Would you write out the listing verbatim and skip every picture in it?

■ **Provided material**:
# # #

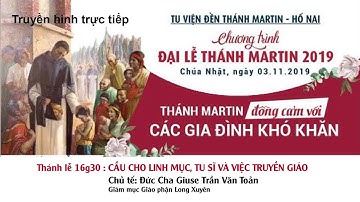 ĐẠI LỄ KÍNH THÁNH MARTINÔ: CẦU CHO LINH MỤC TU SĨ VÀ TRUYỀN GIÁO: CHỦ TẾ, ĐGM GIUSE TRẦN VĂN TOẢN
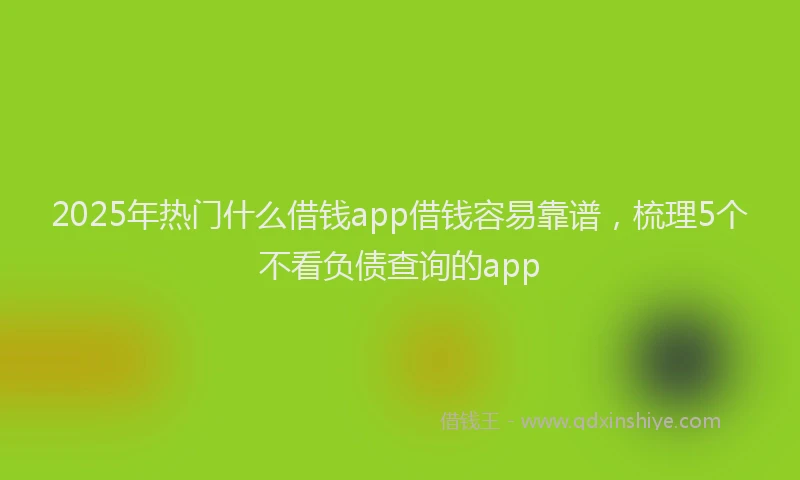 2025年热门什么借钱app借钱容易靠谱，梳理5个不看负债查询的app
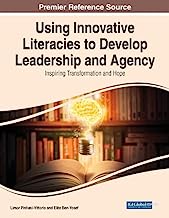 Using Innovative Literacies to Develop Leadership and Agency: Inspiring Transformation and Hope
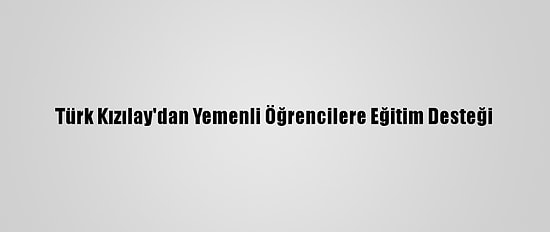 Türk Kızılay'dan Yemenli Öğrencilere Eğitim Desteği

# # #

■ **Output below**:
 ĐẠI LỄ KÍNH THÁNH MARTINÔ: CẦU CHO LINH MỤC TU SĨ VÀ TRUYỀN GIÁO: CHỦ TẾ, ĐGM GIUSE TRẦN VĂN TOẢN
 2025年热门什么借钱app借钱容易靠谱，梳理5个不看负债查询的app
 Using Innovative Literacies to Develop Leadership and Agency: Inspiring Transformation and Hope
 Türk Kızılay'dan Yemenli Öğrencilere Eğitim Desteği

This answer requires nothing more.